(Beginning of Data provided)
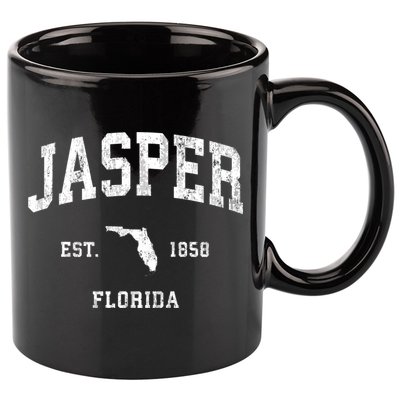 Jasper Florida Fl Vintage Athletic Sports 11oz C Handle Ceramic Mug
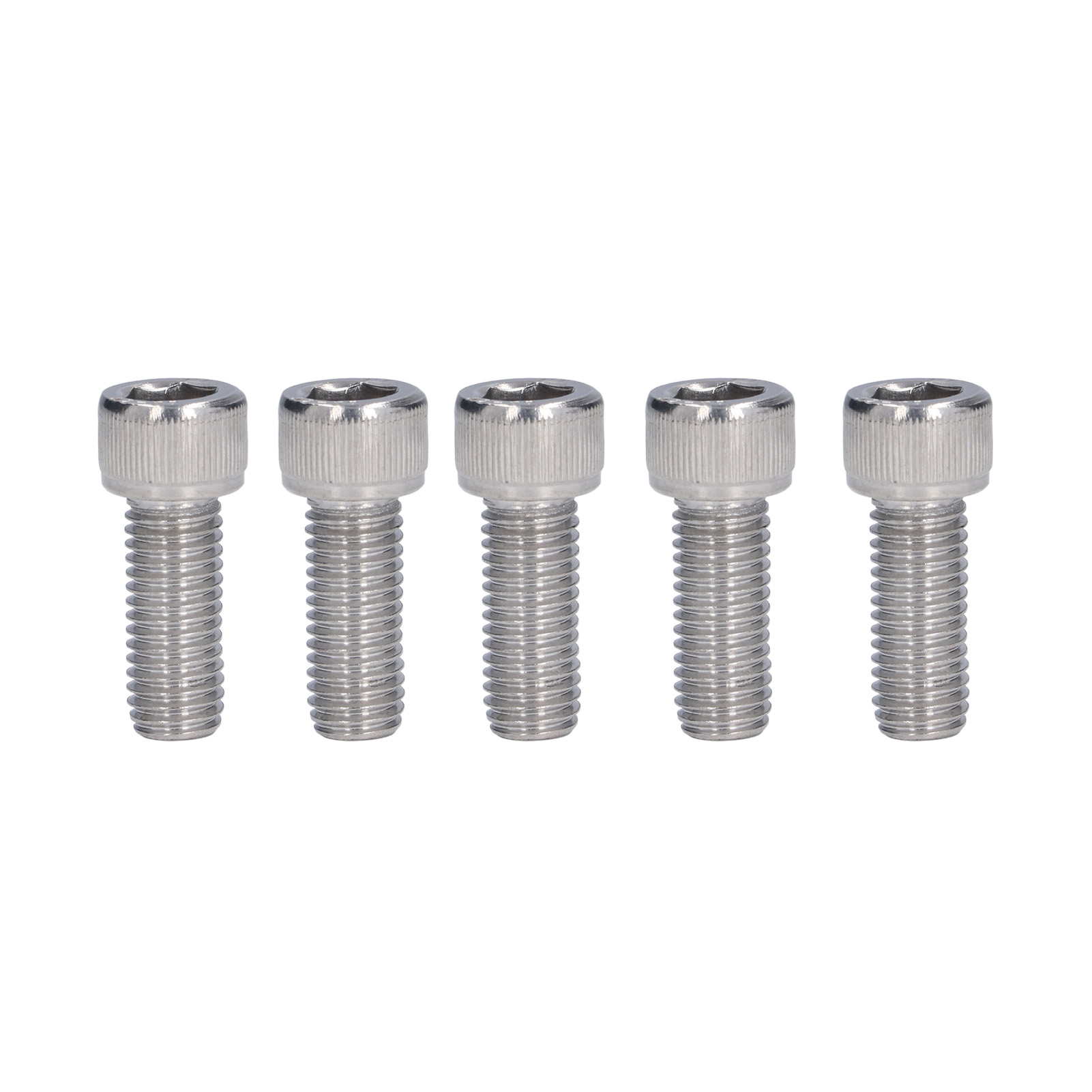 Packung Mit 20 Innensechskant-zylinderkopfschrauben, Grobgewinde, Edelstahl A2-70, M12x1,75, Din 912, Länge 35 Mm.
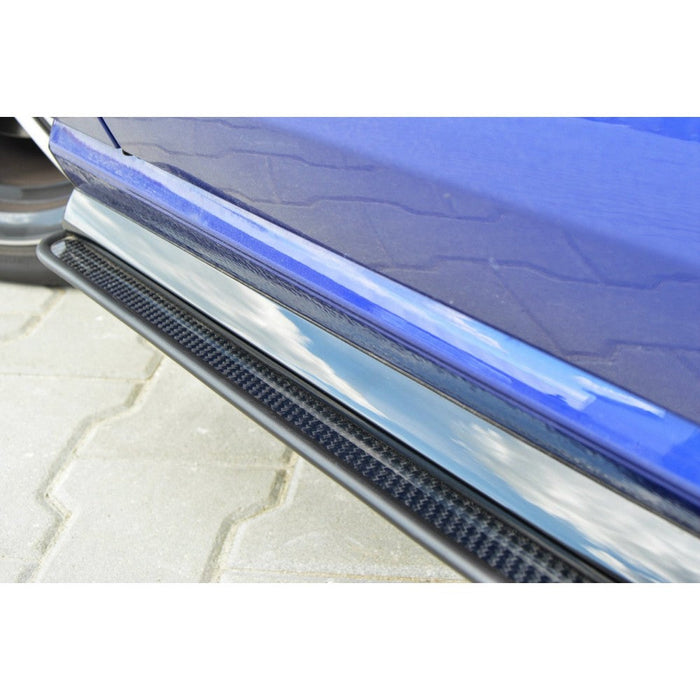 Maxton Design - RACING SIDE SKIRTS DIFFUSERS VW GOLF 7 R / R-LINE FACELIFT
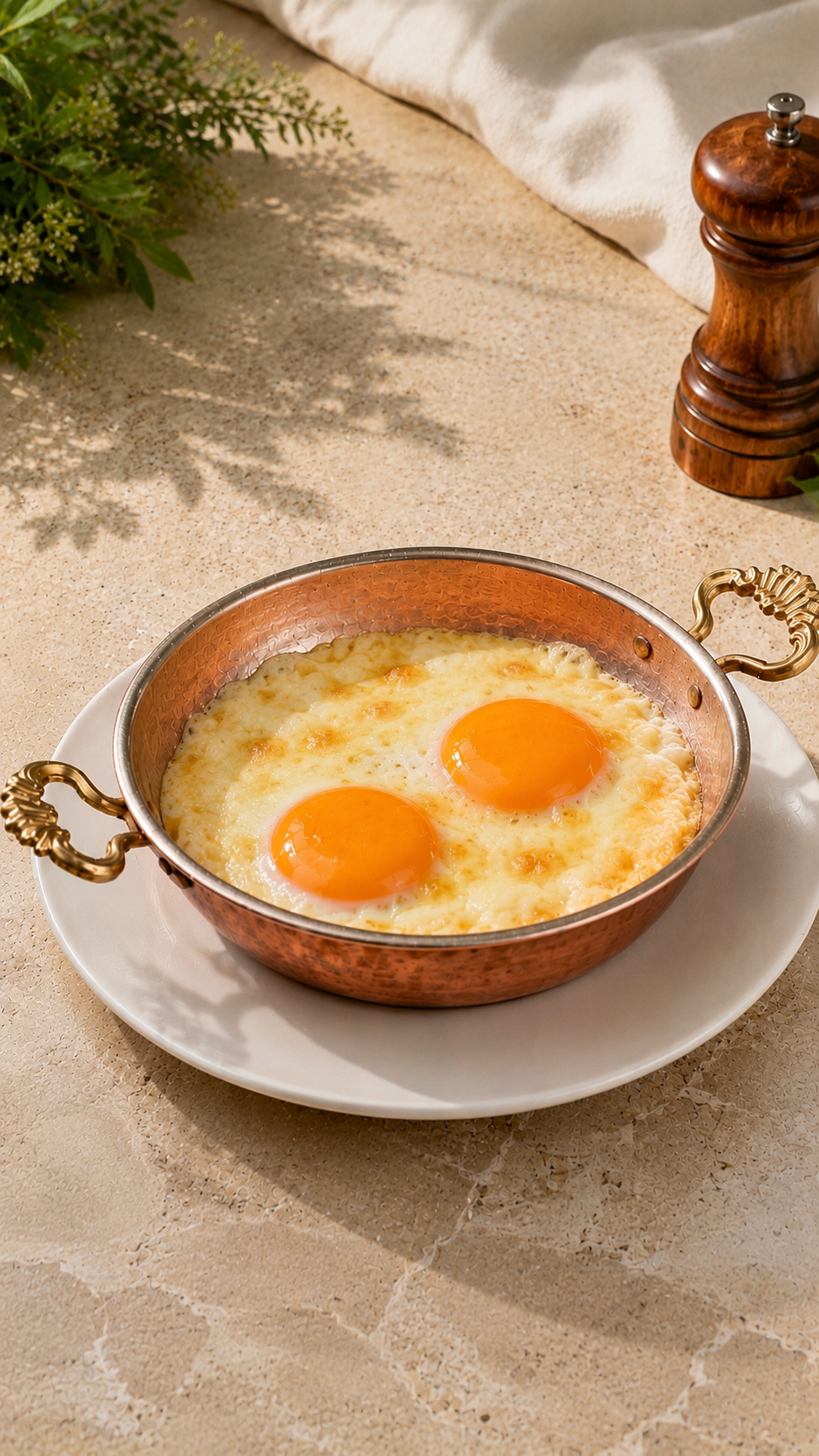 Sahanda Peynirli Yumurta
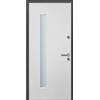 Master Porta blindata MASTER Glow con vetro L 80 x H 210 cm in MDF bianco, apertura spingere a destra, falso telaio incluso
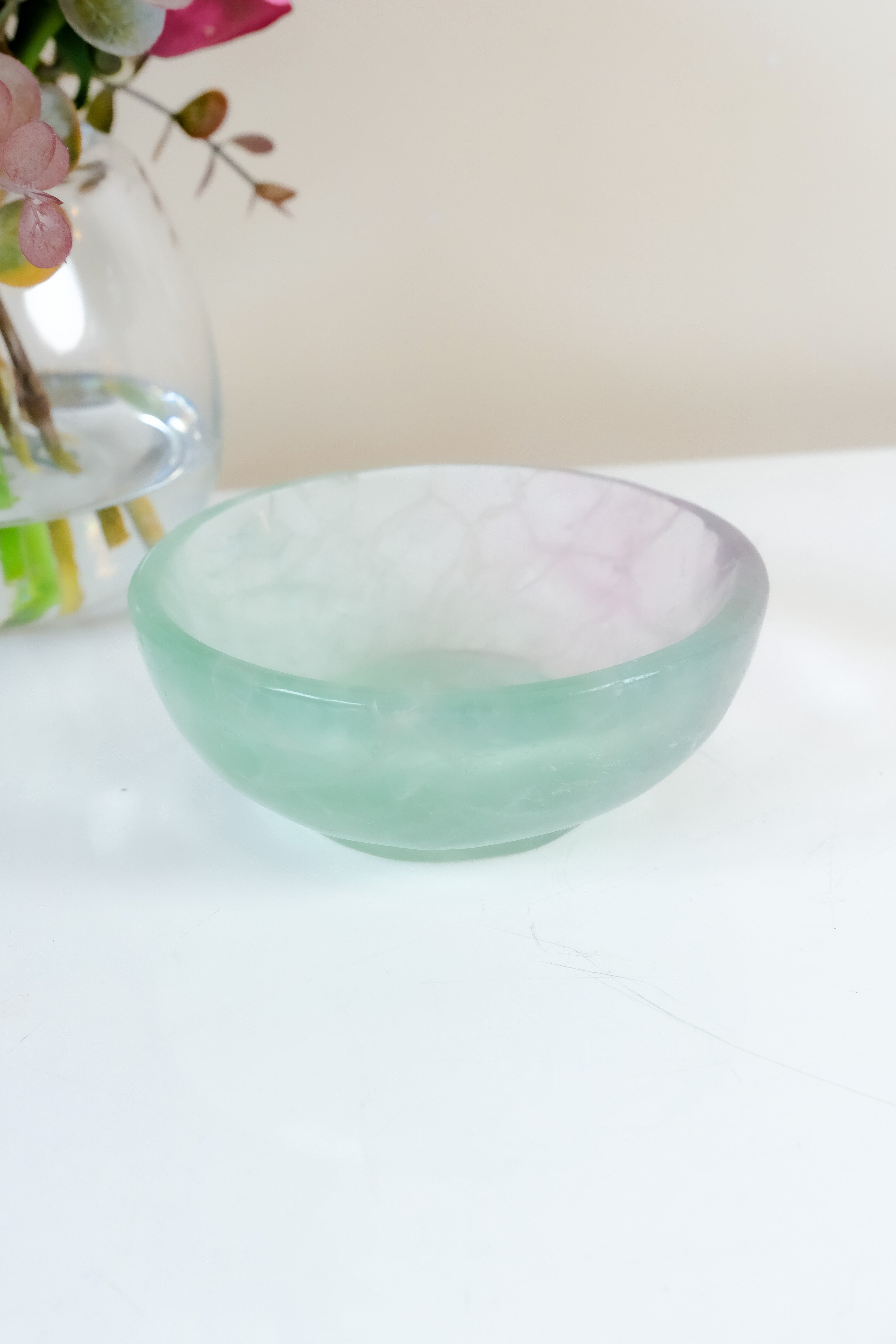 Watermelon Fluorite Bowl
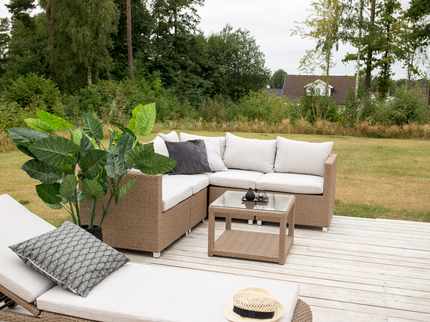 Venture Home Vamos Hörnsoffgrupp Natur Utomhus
(End of Data provided)
* _The task_: For this exercise, repeat word for word only the lines from the one containing "Watermelon Fluorite Bowl" through the end of the data, including both. Pictures do not go in the copy.

* _Answer to the exercise_:
 Watermelon Fluorite Bowl
 Venture Home Vamos Hörnsoffgrupp Natur Utomhus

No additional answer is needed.